What's true democracy?

The road to democracy seems now to be jammed with noisy mopeds. The craze about politics in a newly freed Indonesia has revealed some strange behavior among young Indonesian males, especially in Bali where the Indonesian Democratic Party (PDI) congress was held.

The enthusiasm for Megawati Soekarnoputri (chairman of the party) looked more like a football supporters' frenzy or rock star fans hysteria than anything related to political matters. Not that the PDI congress shouldn't be a feast, but does political awareness have anything to do with roaring motorbike engines, blowing horns or riding without helmets for seven days in a row? In fact, the PDI congress, at least out of the meeting place, has just been an opportunity for thousands of young left- out Indonesians to go crazy, unchained, and breath some freedom in an outgoing way. Just to get rid of their frustrations, their boredom, to have fun and forget about a society which far from gives them any hope of a better living. For most of them, their political awareness is close to zero, something understandable in a country just released from decades of dictatorship, but they grasp that Megawati is offering something unheard of before. And this was enough to convince the youngest of them to remove the Kurt Cobain stickers they usually put on the back of their mopeds and change it with ones of Mega. And so with this, T-shirts, flags and headbands have become commonplace all over Bali. So, what is the link between the dead rock star and the new Indonesian icon? Nothing, except political illiteracy.
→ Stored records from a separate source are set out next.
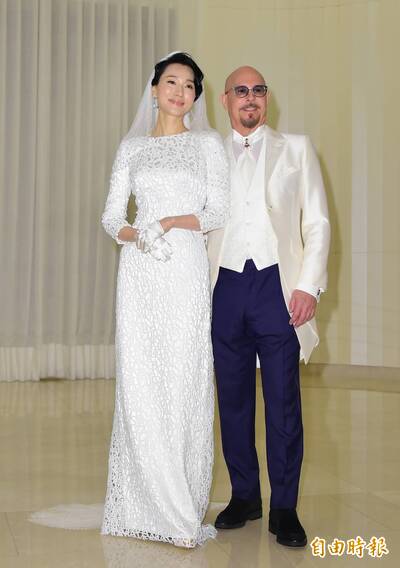 59歲坣娜生病要求朋友保密 大咖天后揭她在老公旁邊過世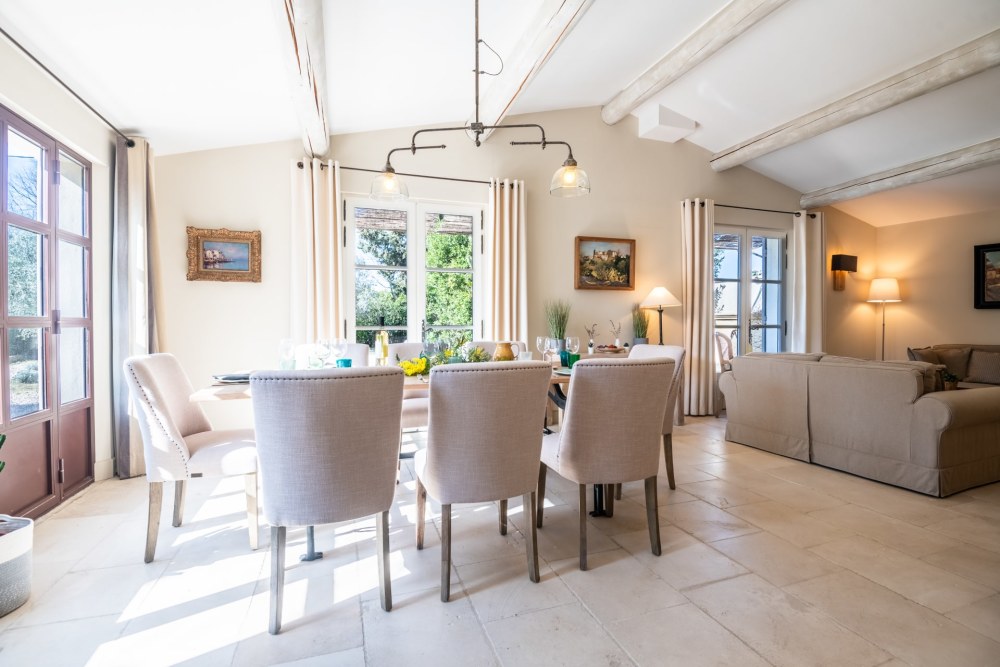 Photographs of Mas des Lilas villa in Provence - Image 8 of 36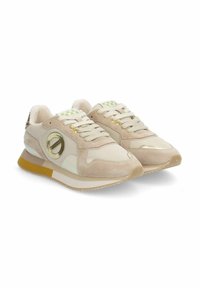 Sneaker beige con materiali in rete e suede, punta arrotondata, lacci, accento circolare dorato e suola crema con inserti gialli.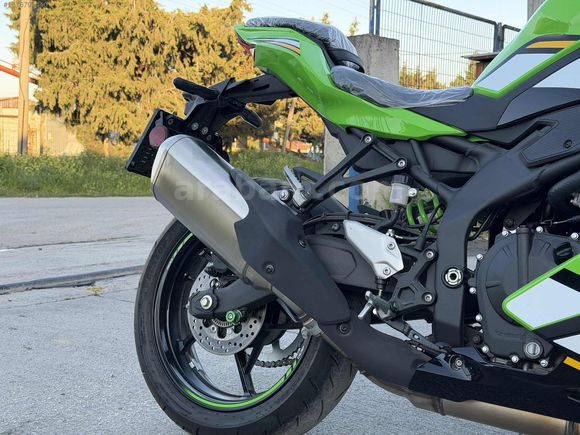Galeriden Kawasaki Ninja ZX-4RR 2024 Model Çanakkale 6.001 km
Indonesia is now facing danger on its way to a true democracy, because political freedom is not a motorized rally and doesn't mean messing around in the streets, even in a friendly way. A real democratic system can only be implemented with mature and concerned citizens, otherwise chaos will be found just around the corner.

Before campaigning for the next elections, raising the political awareness of the people should be the first duty of the hundred parties that have flourished all over the country.